So, The Division 2, huh? We already know that this sequel is coming. It’s real, it’s now, and we’ve no choice but to try and make our peace with it. The question is, what’s going on with its proposed microtransactions? Is this follow-up going to be even more controversial than the first game?
The original The Division was, like a lot of unfortunate titles, a victim of its own hype. You know how it can be, with all the melodramatic trailers and super expensive advertising campaigns that the big games are subject too. You can talk the talk, but can you walk the walk? That’s what it comes down to on launch day.

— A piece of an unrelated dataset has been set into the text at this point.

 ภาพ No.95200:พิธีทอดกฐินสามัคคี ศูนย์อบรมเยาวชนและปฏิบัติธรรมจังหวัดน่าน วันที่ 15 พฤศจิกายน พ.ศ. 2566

The Division, for many, was a Tom Clancy title that someone forgot to put the Tom Clancy into. Like some of the more recent Resident Evil entries, we’re not talking about a straight-up shooter here. Except we are.
With all of this in mind, all eyes are on the upcoming sequel, which is set to launch in March 2019. Can Ubisoft right the wrongs of the first title? Have they learned their lesson? Are they going to engage in dastardly loot box shenanigans? The game’s Associate Creative Director, Chadi El-Zibaoui, spoke to GamingBolt this week, and gave some cryptic answers to those very questions.
The focus seems to be, crucially, on ensuring that the game is packed with content for launch, and that there’s a worthy endgame too. El-Zibaoui promises that the team has taken the feedback of players on board, stating that “how the community was playing the game” is the key takeaway here. And then, of course, microtransactions reared their ugly heads again.
As has become a trend with savvy developers lately, El-Zibaoui stated that The Division 2 will have microtransactions, but they will be limited to cosmetic items. Just when you thought you might be safe from shady loot boxes though, he refused to confirm or deny their existence. Which isn’t usually a positive sign.
If you’re really looking for the silver lining, though, the Associate Creative Director did state that the aim is to ensure that the game is “a fair experience for everyone.” That sure sounds like anti-pay-to-win talk, but you really can never tell in this industry. All we can do is sit tight and wait for more details on this one.
One thing’s for certain: In recent months, the outcry against lootboxes has been gathering strength all over the world. Whatever The Division 2 decides to implement, it had better think darn hard about it first.